### [Your assignment]
Restate word for word the lines below that run from the one holding "dermal-anchor-flat-dic-gloss-finish" through the one holding "Hannelore Dijck The", inclusive. Pictures don't belong in the copy.

*** Opening Data for the task ***

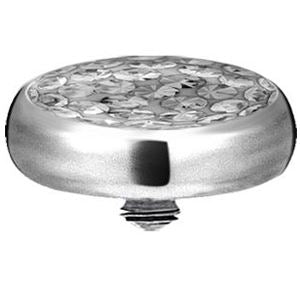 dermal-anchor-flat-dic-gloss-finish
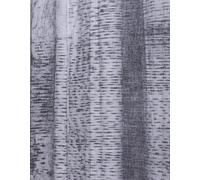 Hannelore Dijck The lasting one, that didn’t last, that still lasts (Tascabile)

*** Closing Data for the task ***
*** Opening Data for the task ***

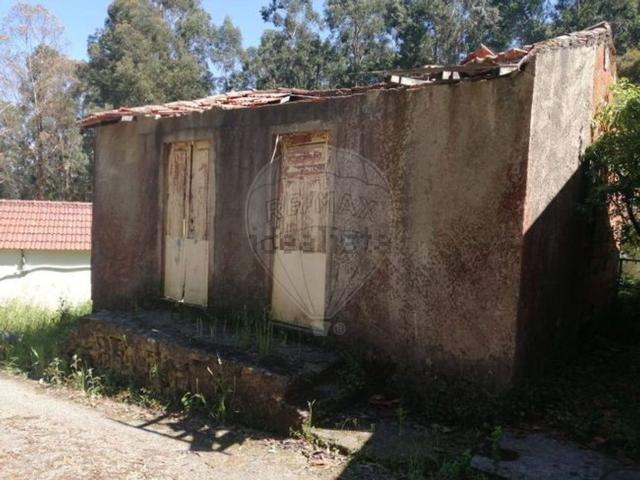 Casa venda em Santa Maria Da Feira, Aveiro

*** Closing Data for the task ***
*** Opening Data for the task ***

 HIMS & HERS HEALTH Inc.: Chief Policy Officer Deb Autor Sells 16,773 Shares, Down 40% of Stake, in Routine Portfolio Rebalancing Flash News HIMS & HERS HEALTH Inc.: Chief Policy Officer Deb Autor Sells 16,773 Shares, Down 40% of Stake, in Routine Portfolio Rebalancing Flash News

*** Closing Data for the task ***

### [Written solution]
 dermal-anchor-flat-dic-gloss-finish
 Hannelore Dijck The lasting one, that didn’t last, that still lasts (Tascabile)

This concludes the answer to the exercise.